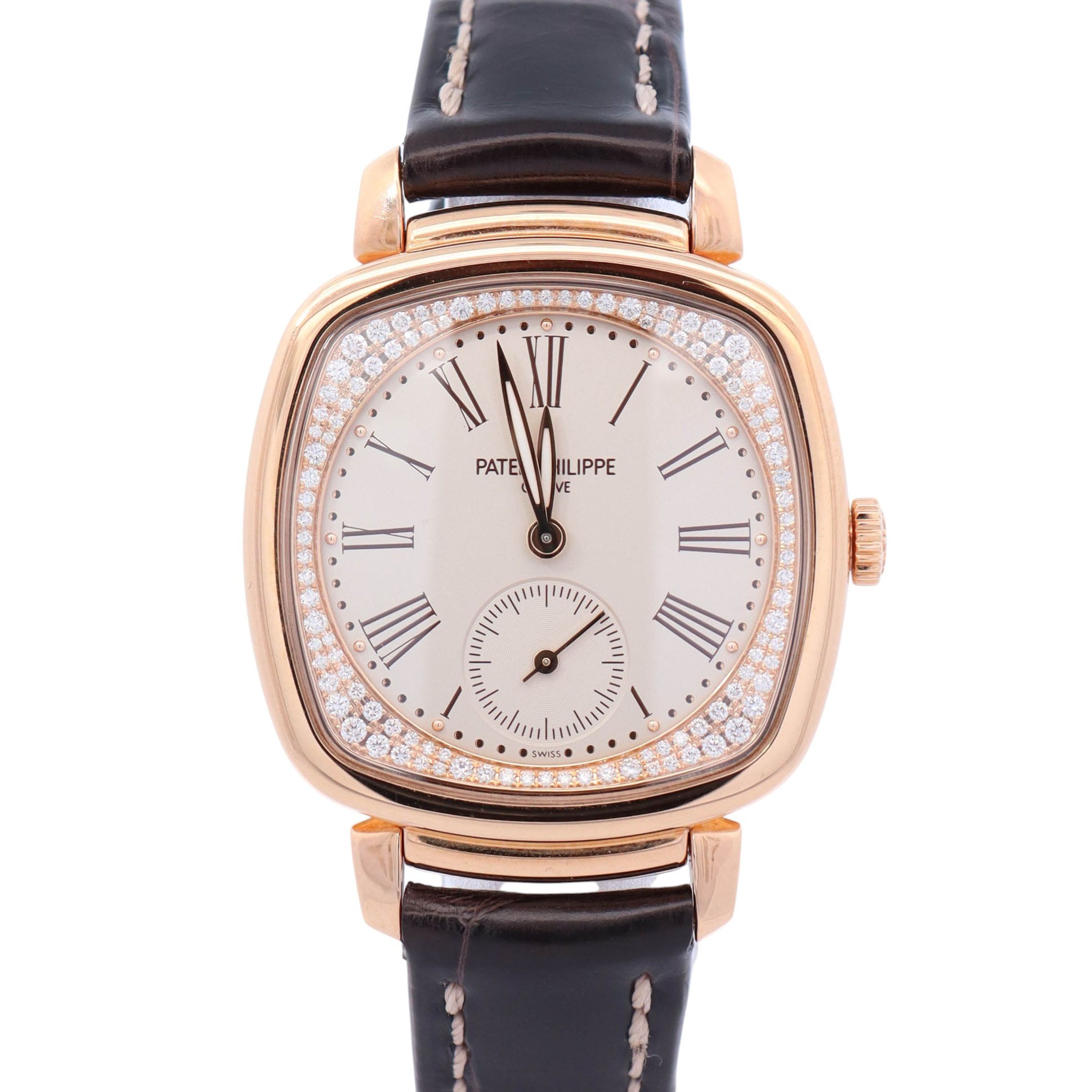 Patek Philippe Gondolo 41mm Silver Dial Watch Ref# 7041R-001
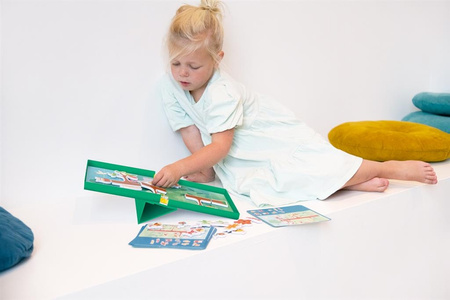 Układanka magnetyczna 20 kart zadań Farma Scratch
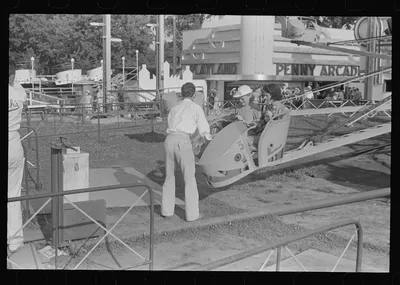 Scene at Buckeye Lake Amusement Park, near Columbus, Ohio (see…, 1938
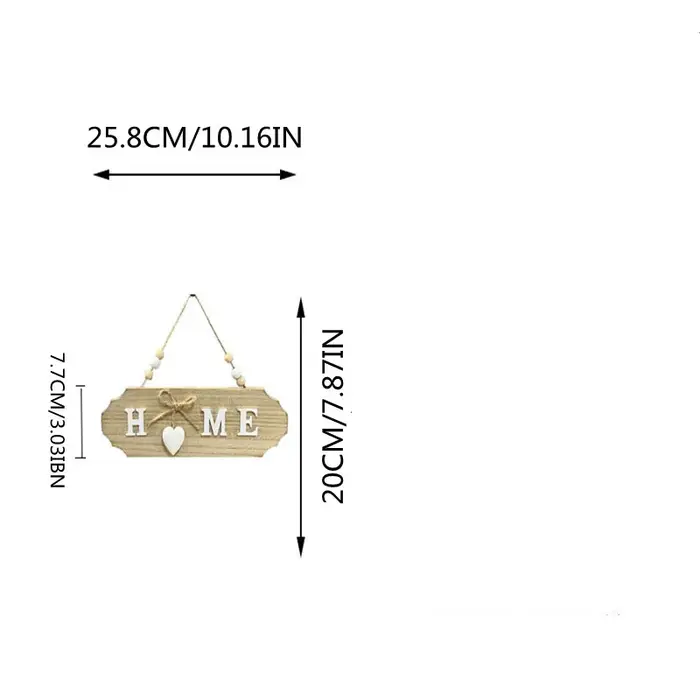 Bienvenue à la maison – Décoration murale en bois – Marque Bow Listing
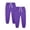 Purple, variant on CQONEPT 2 Pack Toddlers Boys Sweatpants with Pockets Drawstring Joggers Pant Thick Thermal Warm Athletic Jogging Pants Navy 7 Years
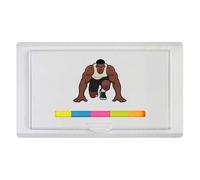 Azeeda 'Athlete Ready to Race' Sticky Note Ruler Pad (ST00043706)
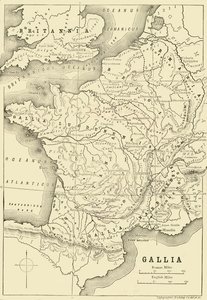 Galya haritası ve Britanya
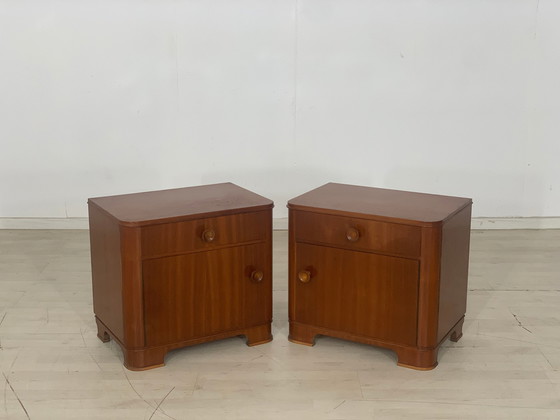 Image 1 of Mid Century tables de nuit table de chevet armoire de chevet vintage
◆ ◆ ◆ ◆
• **PROBLEM**
Everything above from the line containing "Układanka magnetyczna 20" through the line containing "Purple, variant on" must be repeated exactly, and the pictures must be left out.

• **ANSWER SECTION**
 Układanka magnetyczna 20 kart zadań Farma Scratch
 Scene at Buckeye Lake Amusement Park, near Columbus, Ohio (see…, 1938
 Bienvenue à la maison – Décoration murale en bois – Marque Bow Listing
 Purple, variant on CQONEPT 2 Pack Toddlers Boys Sweatpants with Pockets Drawstring Joggers Pant Thick Thermal Warm Athletic Jogging Pants Navy 7 Years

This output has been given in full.